---- Data for the task

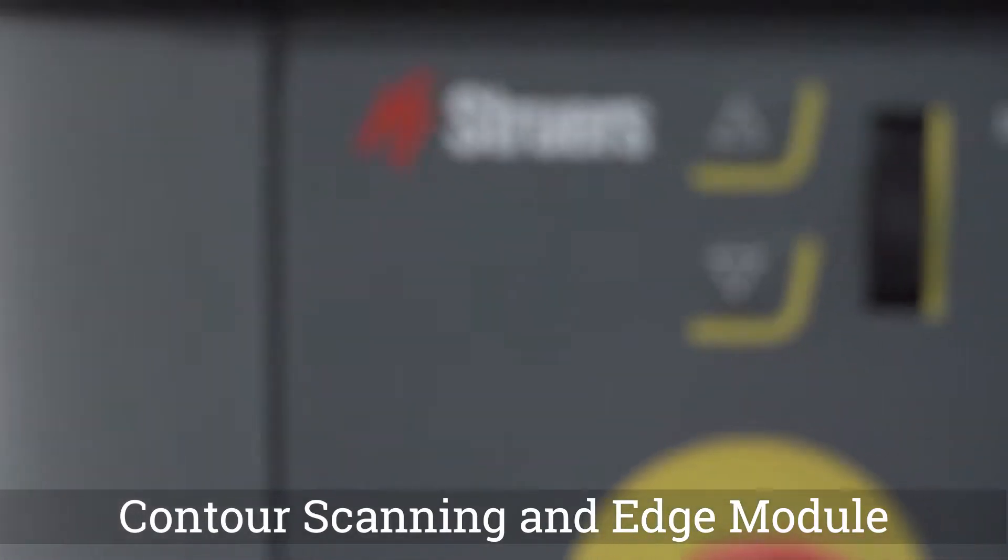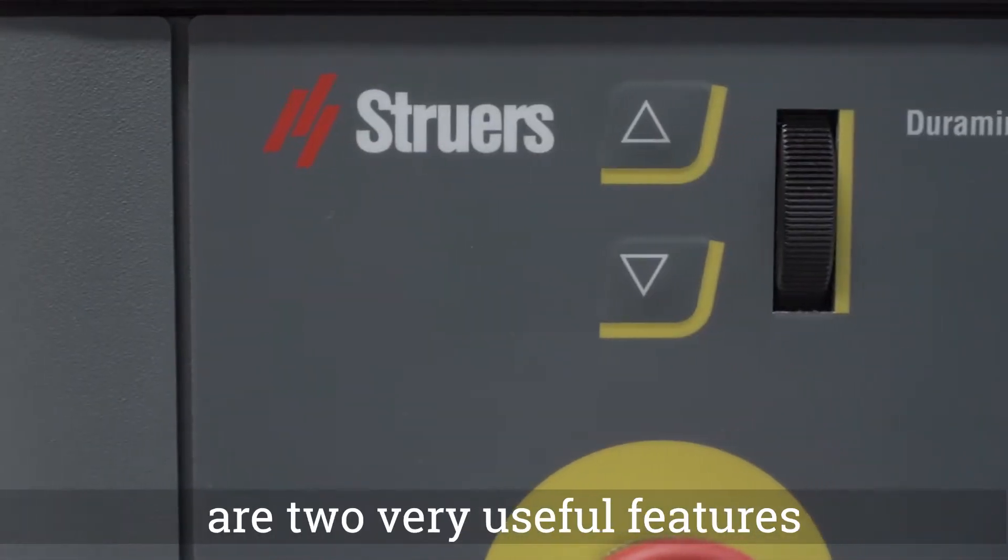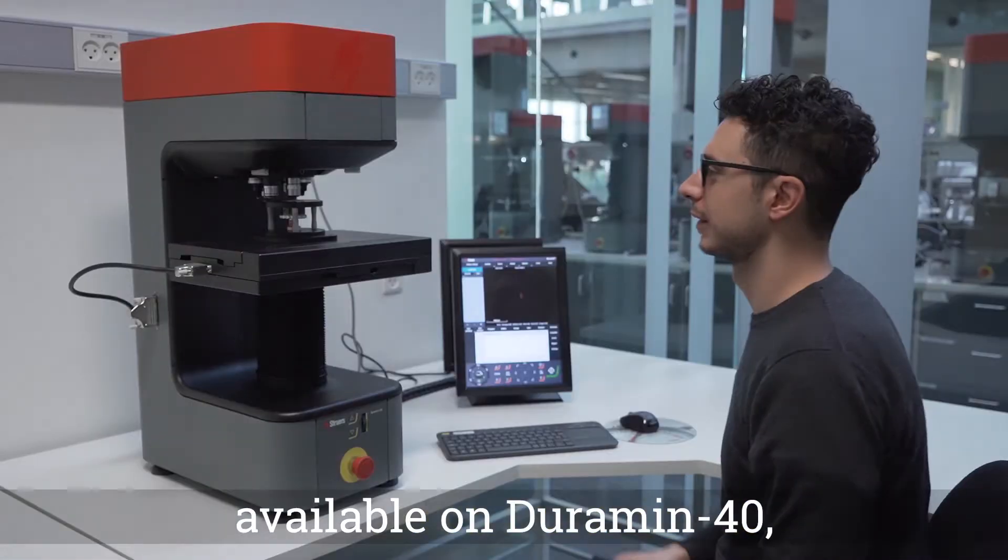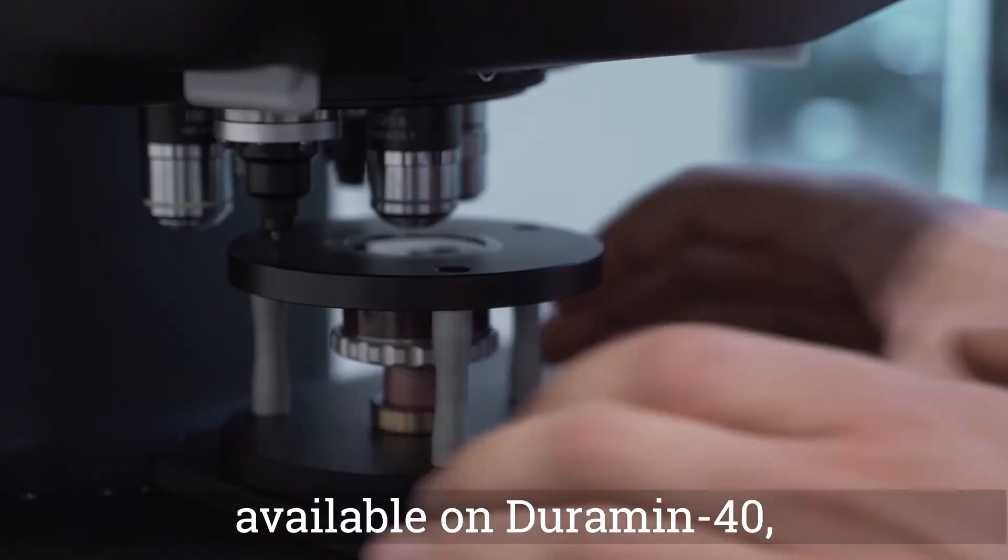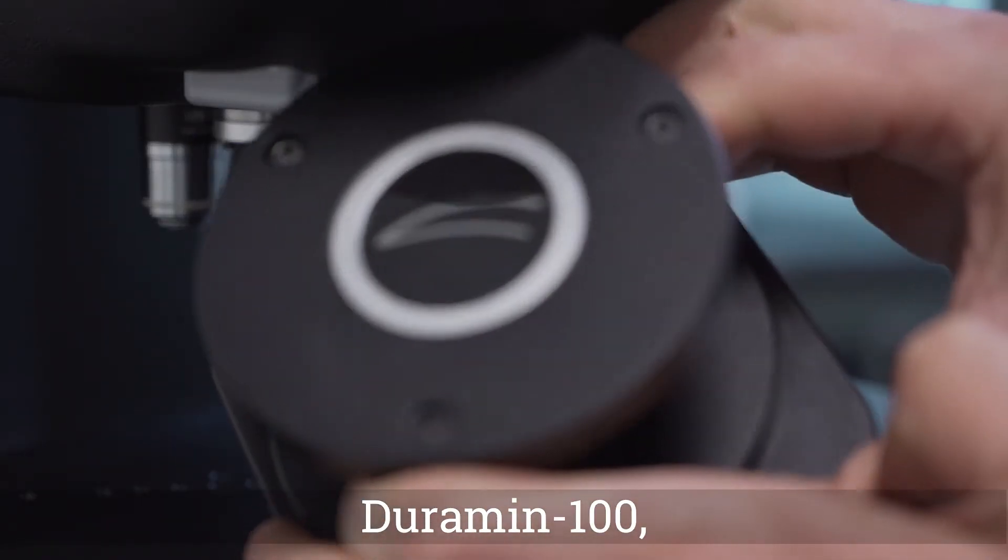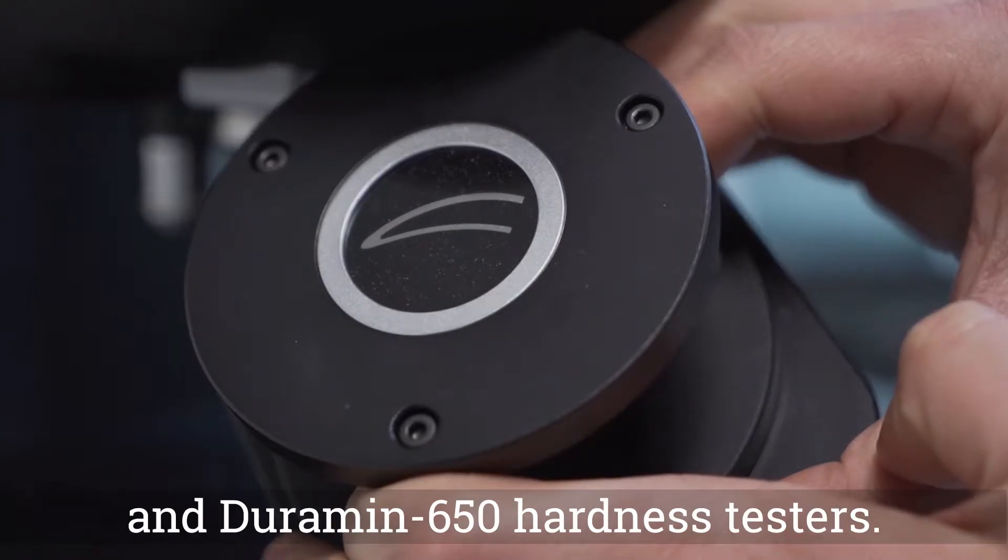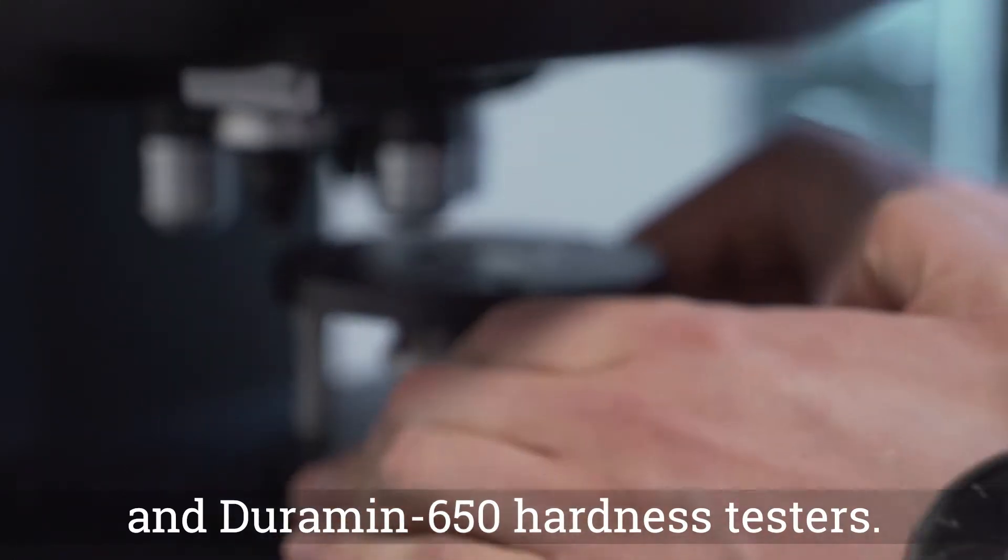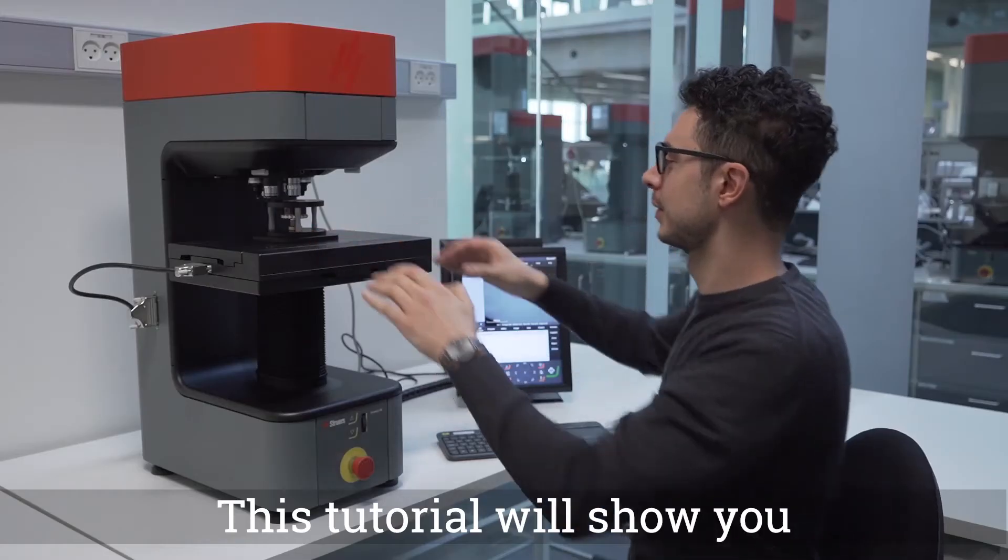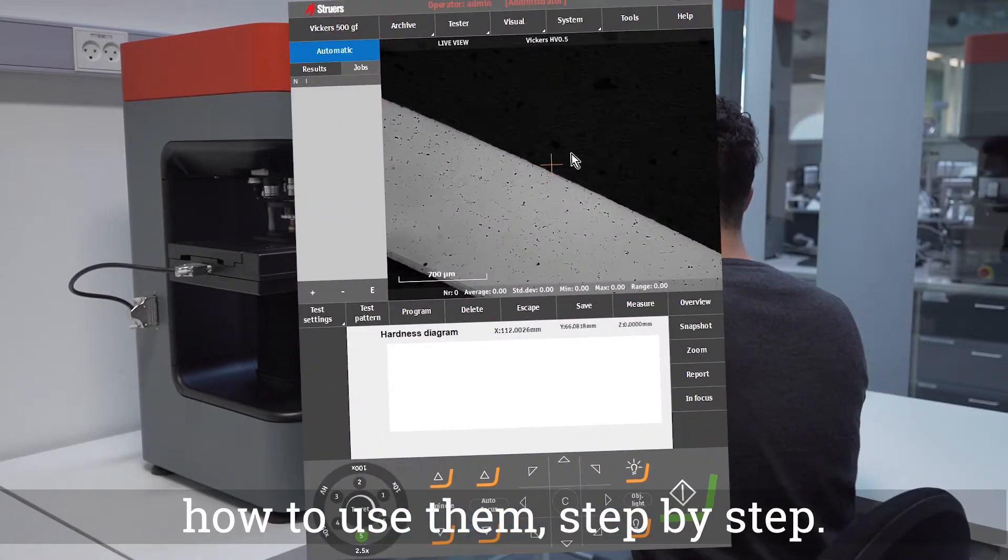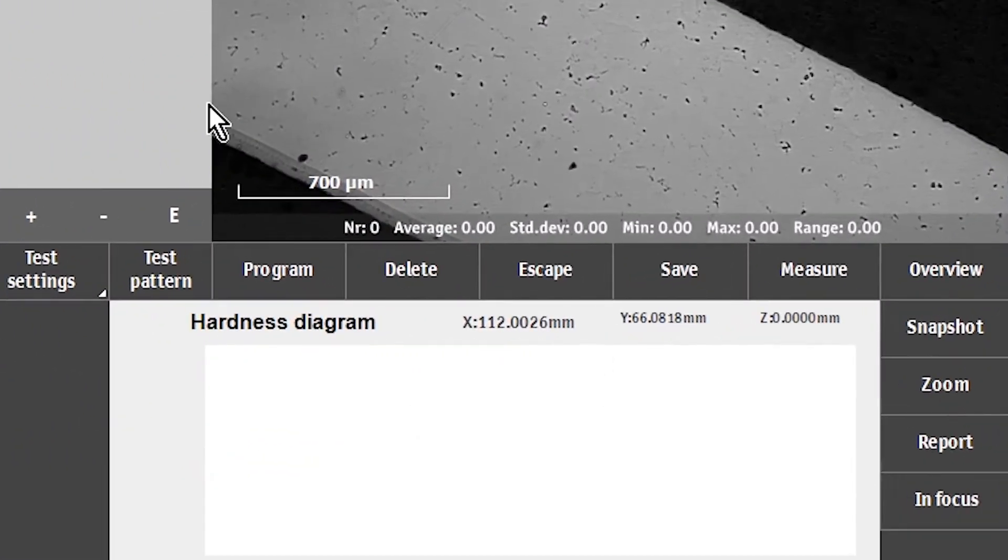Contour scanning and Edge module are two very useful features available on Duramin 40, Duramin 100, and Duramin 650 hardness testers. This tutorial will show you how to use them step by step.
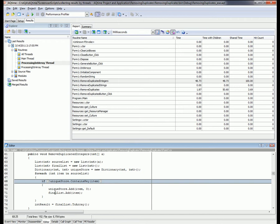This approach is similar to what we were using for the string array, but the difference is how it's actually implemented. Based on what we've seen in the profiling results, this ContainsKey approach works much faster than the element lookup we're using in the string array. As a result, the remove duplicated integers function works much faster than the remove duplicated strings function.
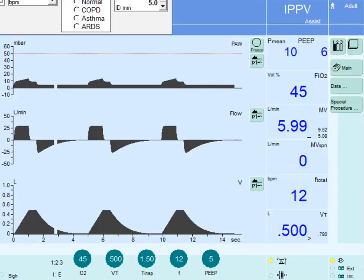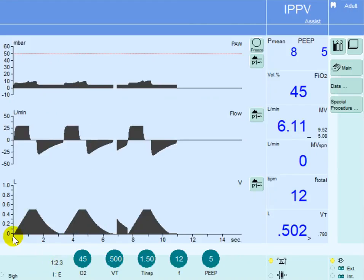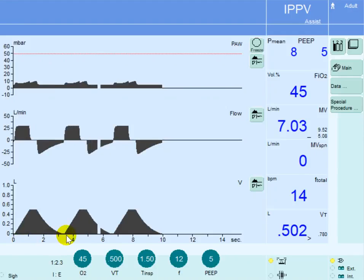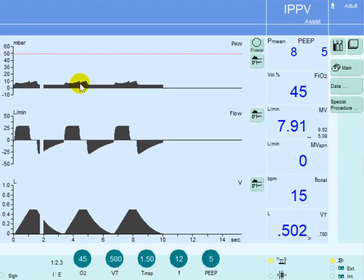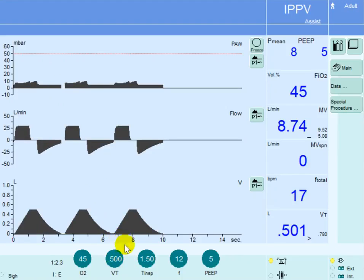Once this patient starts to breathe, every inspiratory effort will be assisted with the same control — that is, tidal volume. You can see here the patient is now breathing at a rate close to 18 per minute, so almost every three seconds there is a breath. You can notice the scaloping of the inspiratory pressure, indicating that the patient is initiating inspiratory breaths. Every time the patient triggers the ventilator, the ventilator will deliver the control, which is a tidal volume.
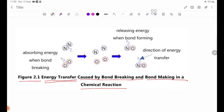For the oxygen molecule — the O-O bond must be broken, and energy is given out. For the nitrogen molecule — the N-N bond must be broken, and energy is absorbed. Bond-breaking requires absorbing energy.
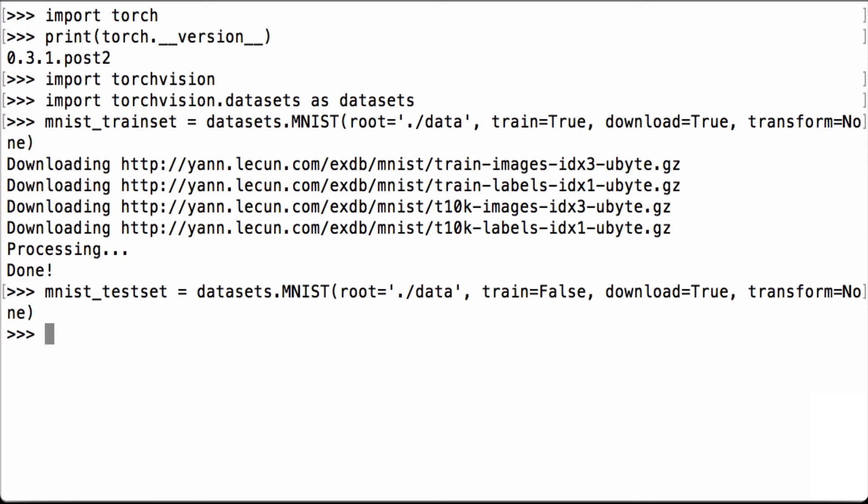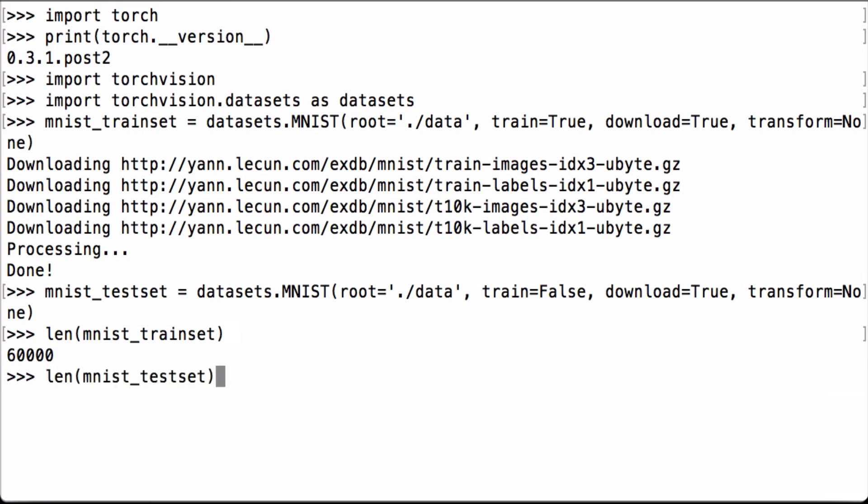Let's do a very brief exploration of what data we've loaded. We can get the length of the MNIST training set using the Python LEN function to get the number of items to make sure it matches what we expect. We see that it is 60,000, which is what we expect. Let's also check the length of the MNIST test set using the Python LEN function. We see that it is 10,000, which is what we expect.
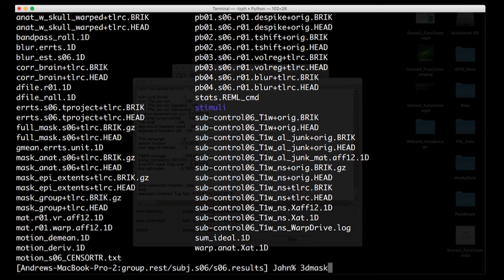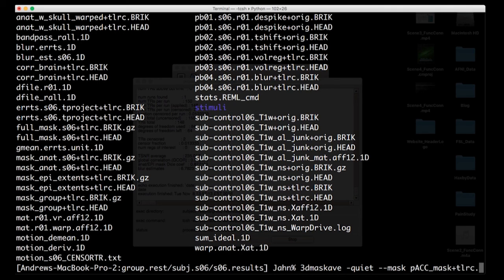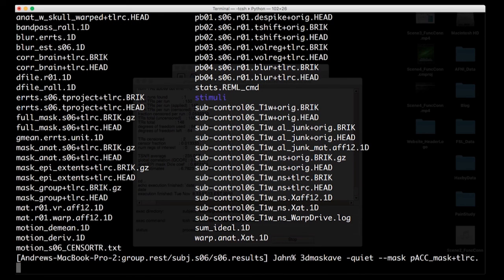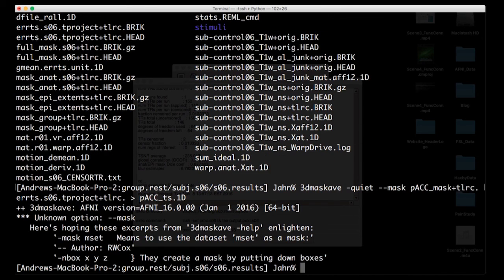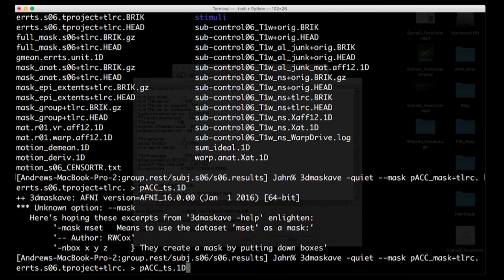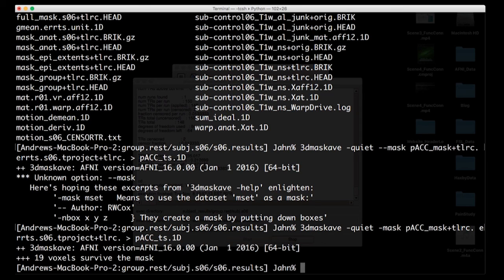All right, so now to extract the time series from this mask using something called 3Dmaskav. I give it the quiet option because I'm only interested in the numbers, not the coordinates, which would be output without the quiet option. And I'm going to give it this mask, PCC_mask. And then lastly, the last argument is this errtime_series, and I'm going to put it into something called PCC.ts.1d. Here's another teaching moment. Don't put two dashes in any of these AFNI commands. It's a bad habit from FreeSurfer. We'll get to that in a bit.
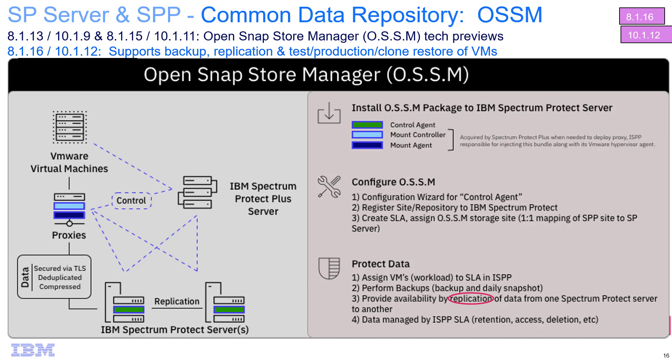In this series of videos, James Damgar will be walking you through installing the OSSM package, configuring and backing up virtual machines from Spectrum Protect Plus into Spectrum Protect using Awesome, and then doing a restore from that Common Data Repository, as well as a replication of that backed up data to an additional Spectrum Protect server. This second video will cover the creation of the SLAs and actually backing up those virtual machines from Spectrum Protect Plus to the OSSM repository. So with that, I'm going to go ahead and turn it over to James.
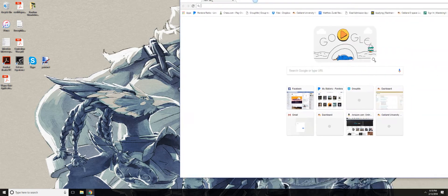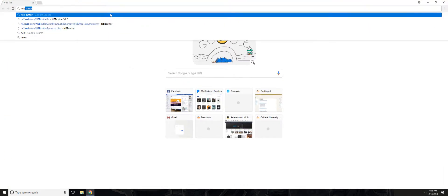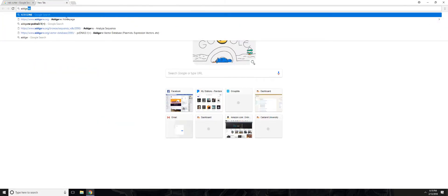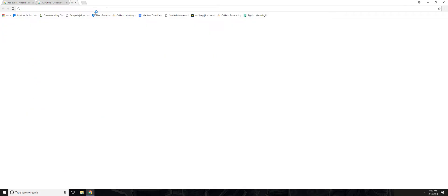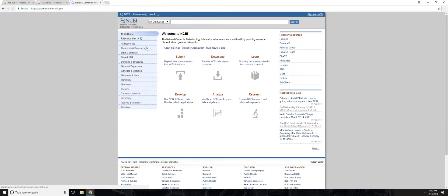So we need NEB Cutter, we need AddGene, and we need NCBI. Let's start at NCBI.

--------

## Problem requirements
The result should be the full listing, retyped exactly and free of pictures.

## Your solution
Contour scanning and Edge module are two very useful features available on Duramin 40, Duramin 100, and Duramin 650 hardness testers. This tutorial will show you how to use them step by step.
This approach is similar to what we were using for the string array, but the difference is how it's actually implemented. Based on what we've seen in the profiling results, this ContainsKey approach works much faster than the element lookup we're using in the string array. As a result, the remove duplicated integers function works much faster than the remove duplicated strings function.
Once this patient starts to breathe, every inspiratory effort will be assisted with the same control — that is, tidal volume. You can see here the patient is now breathing at a rate close to 18 per minute, so almost every three seconds there is a breath. You can notice the scaloping of the inspiratory pressure, indicating that the patient is initiating inspiratory breaths. Every time the patient triggers the ventilator, the ventilator will deliver the control, which is a tidal volume.
For the oxygen molecule — the O-O bond must be broken, and energy is given out. For the nitrogen molecule — the N-N bond must be broken, and energy is absorbed. Bond-breaking requires absorbing energy.
Let's do a very brief exploration of what data we've loaded. We can get the length of the MNIST training set using the Python LEN function to get the number of items to make sure it matches what we expect. We see that it is 60,000, which is what we expect. Let's also check the length of the MNIST test set using the Python LEN function. We see that it is 10,000, which is what we expect.
All right, so now to extract the time series from this mask using something called 3Dmaskav. I give it the quiet option because I'm only interested in the numbers, not the coordinates, which would be output without the quiet option. And I'm going to give it this mask, PCC_mask. And then lastly, the last argument is this errtime_series, and I'm going to put it into something called PCC.ts.1d. Here's another teaching moment. Don't put two dashes in any of these AFNI commands. It's a bad habit from FreeSurfer. We'll get to that in a bit.
In this series of videos, James Damgar will be walking you through installing the OSSM package, configuring and backing up virtual machines from Spectrum Protect Plus into Spectrum Protect using Awesome, and then doing a restore from that Common Data Repository, as well as a replication of that backed up data to an additional Spectrum Protect server. This second video will cover the creation of the SLAs and actually backing up those virtual machines from Spectrum Protect Plus to the OSSM repository. So with that, I'm going to go ahead and turn it over to James.
So we need NEB Cutter, we need AddGene, and we need NCBI. Let's start at NCBI.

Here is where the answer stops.